Now, before my older readers think I am making fun of them, I'm
not. I'm just saying they are old, boring, like to repeat themselves
and watch really boring shit on TV about World War I and the
big cats of the Serengeti. "The Muse" will delight
them with its comatose pacing. I like Albert Brooks, and I highly
recommend "Defending Your Life" and "Lost in America",
but you're better off renting either of those than paying the
Hollywood Film Cartel eight bucks for this mistake.
In "The Muse", Albert Brooks plays a screenwriter who
has made a long and decent career out of writing screenplays
that get made into movies that are not shown in this one. He's
comfortable, lives in a big fucking house in a fancy neighborhood,
and has a sweet Mercedes to tool around in. But now he's lost
his edge. The studios no longer want his shit. He doesn't know
why they don't, but they tell him his career is over.

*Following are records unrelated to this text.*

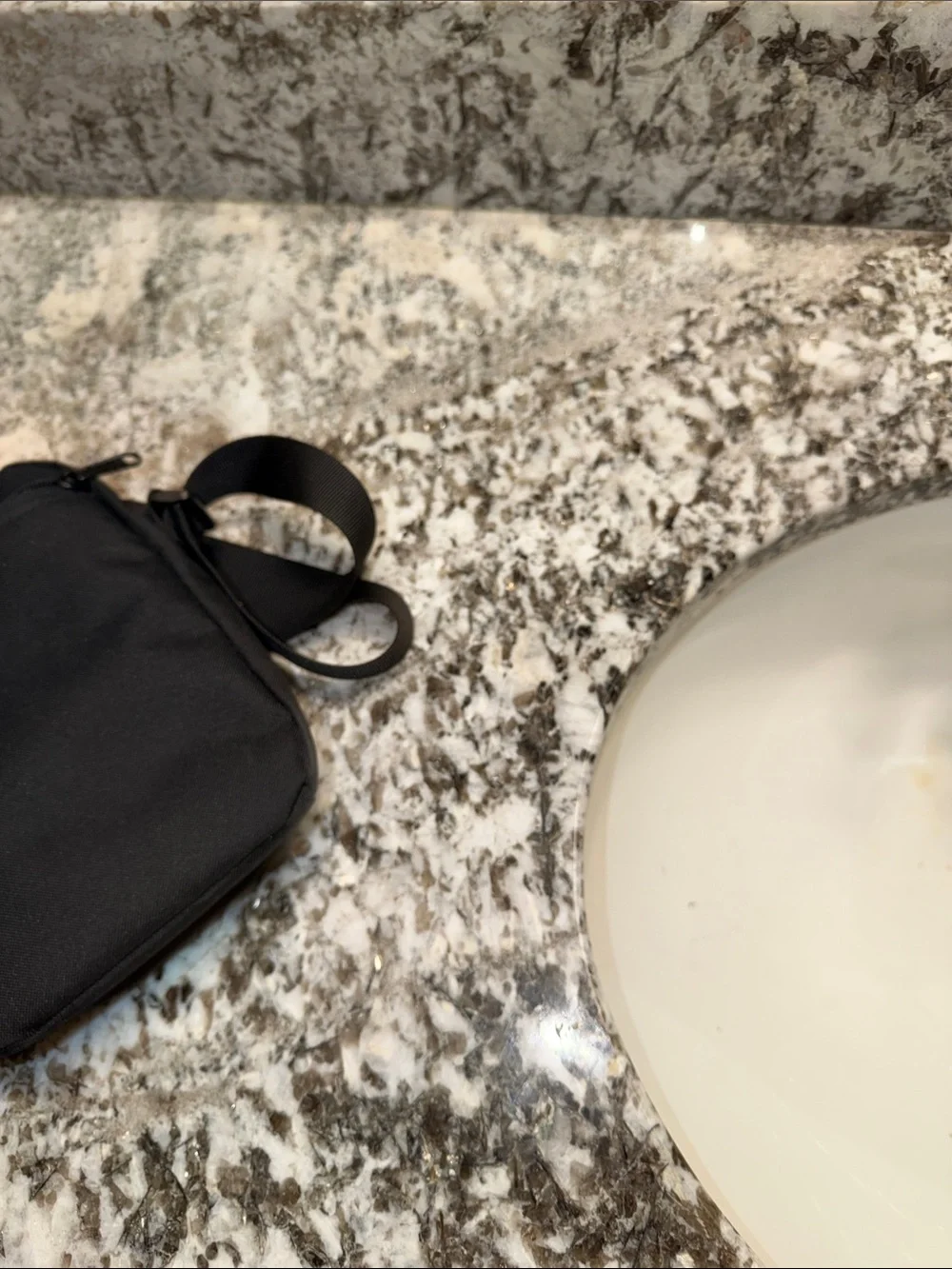 The North Face Black Compact Crossbody Belt Bag with Bungee - Picture 5 of 8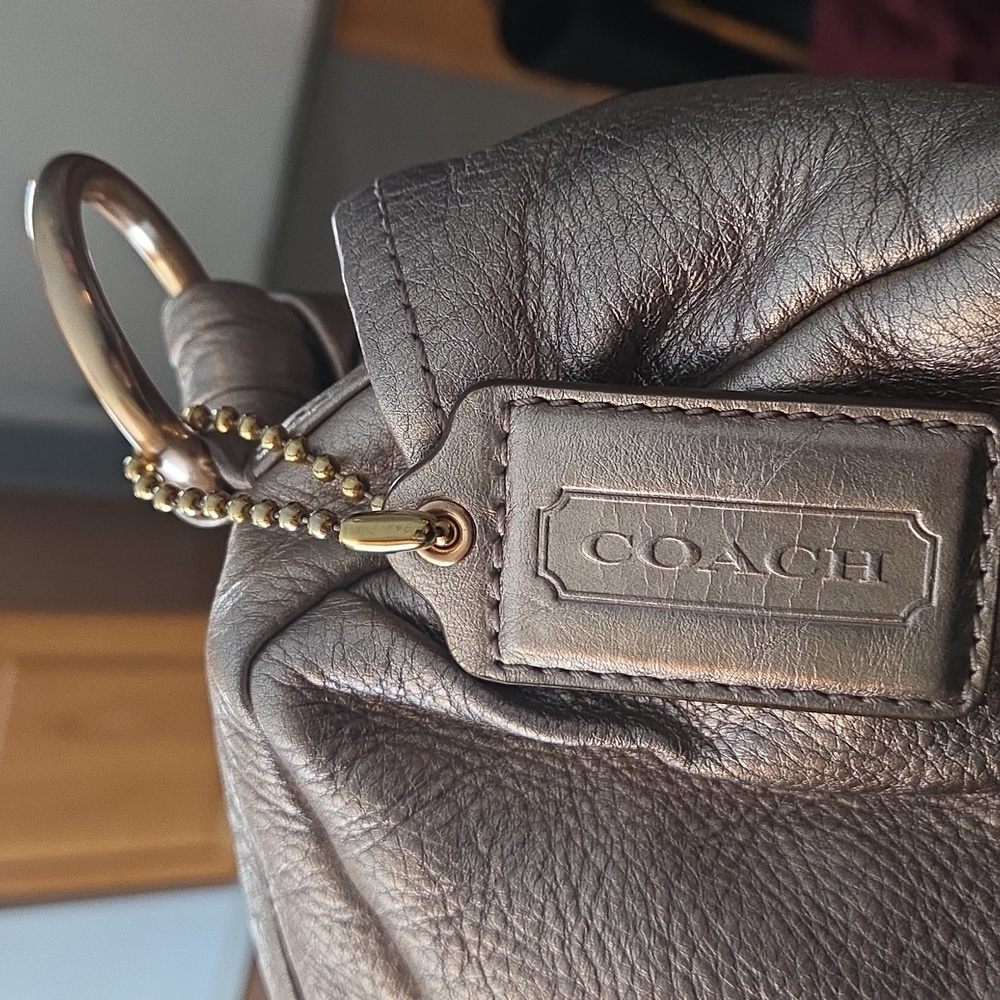 Coach Parker 2008 13465 Shoulderbag Rosegold Metallic Leather $399 Retail GUC - Picture 3 of 16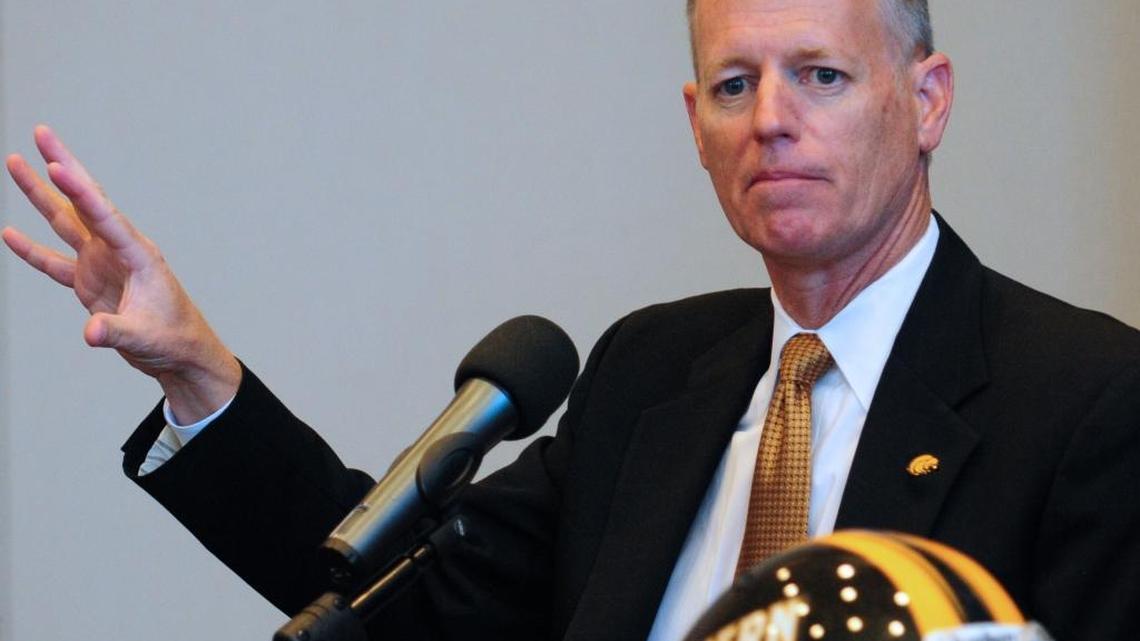 Southern Miss athletic director Bill McGillis will leave the school in January.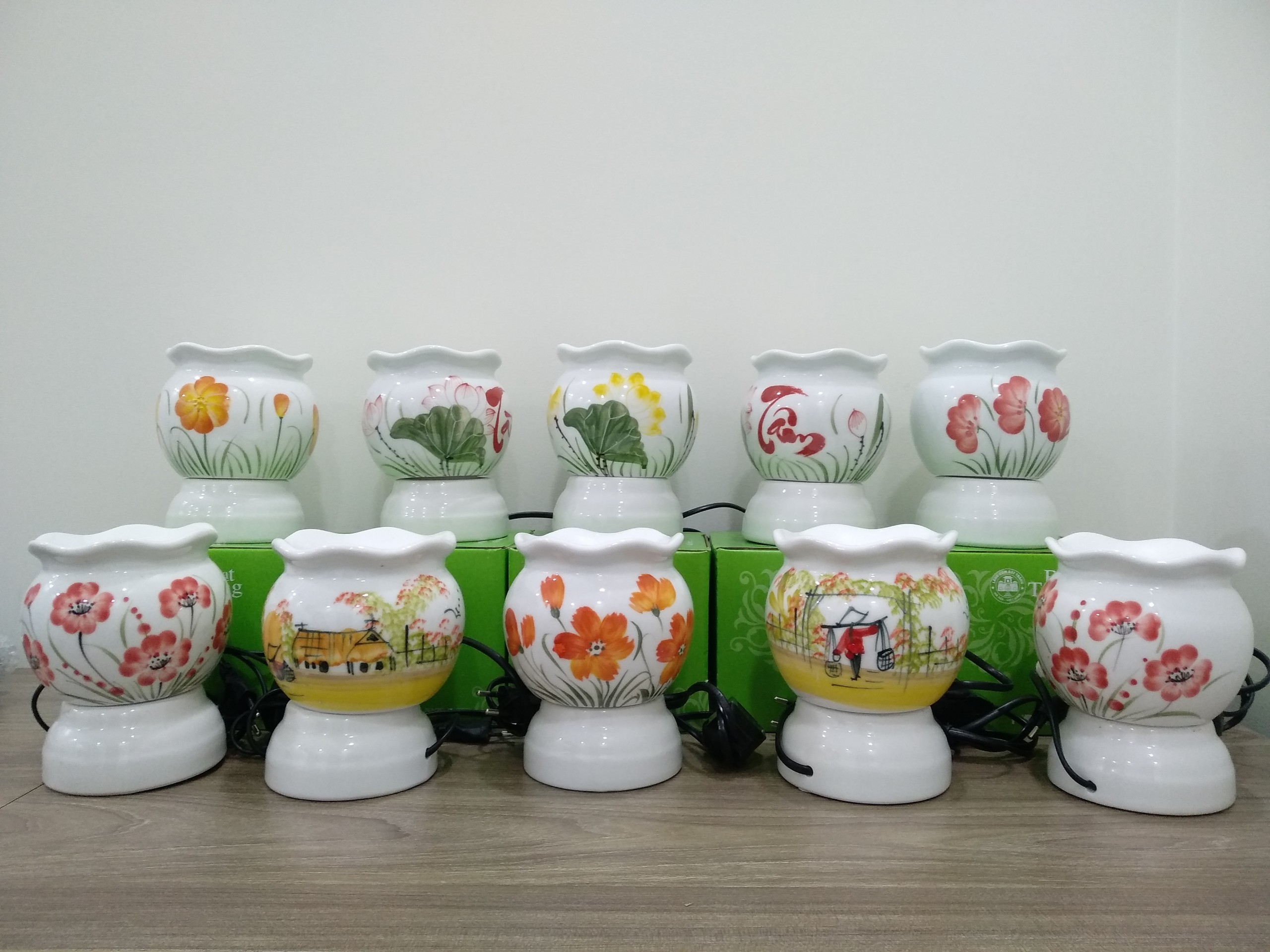 Đèn xông tinh dầu sứ thấu quang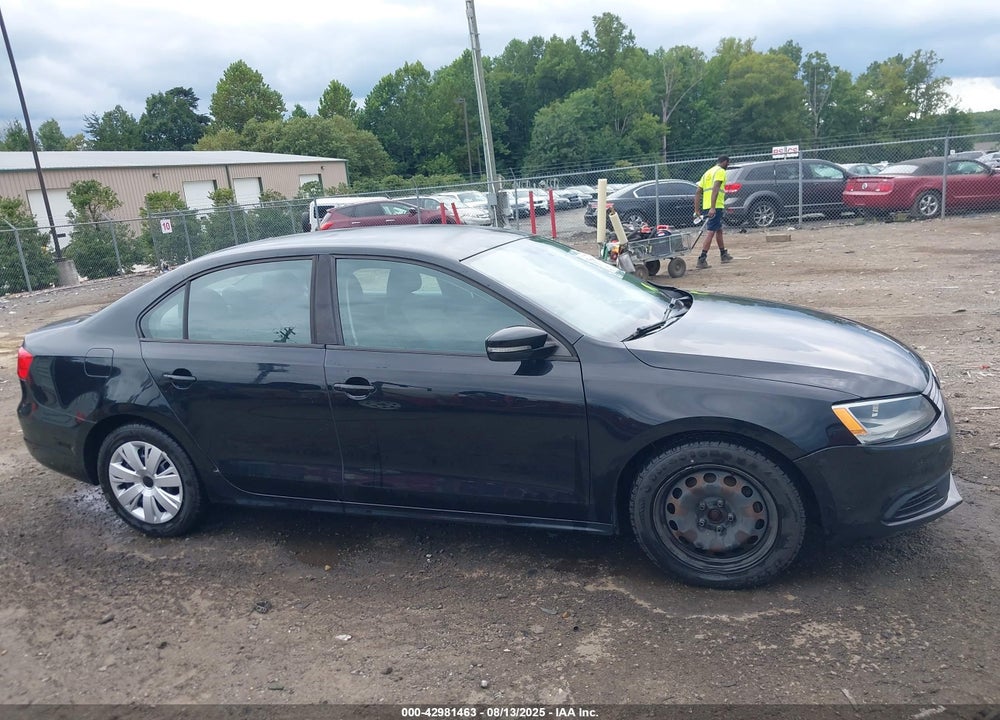 2011 VOLKSWAGEN JETTA 2.5L SE VIN: 3VWDZ7AJ2BM323101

Brooks' friend, played by Jeff Bridges, introduces him to a real,
live muse. Apparently, the original nine muses were some serious
mystical shit, inspiring all those old Greek guys who wrote long,
unrhyming poems and plays about incest. Sharon Stone is a muse
and if Brooks can ingratiate himself with her, he will be inspired
to write a great script.
The problem is, to win her favor Brooks must buy her expensive
shit from Tiffany's and serve her every whim. This, to mostly
unfunny effect, drives Brooks crazy. First, he has to put her
up in a suite that costs twice per night what my car costs ($850),
and he must be her chauffeur. Then, she decides she doesn't like
the hotel, and Brooks has to move his office out of his guest
house and put her in there. Finally, she moves into the house
and becomes his wife's (Andie McDowell) confidante. All this
time, Brooks moans and whines, but he is inspired without hardly
realizing it.
Brooks' new script is a success, and it turns out as no surprise
to anyone that Stone is an escaped lunatic. We are left wondering
whether the movie is a commentary on Hollywood or on mental instability,
and either way knowing it didn't tell us anything new.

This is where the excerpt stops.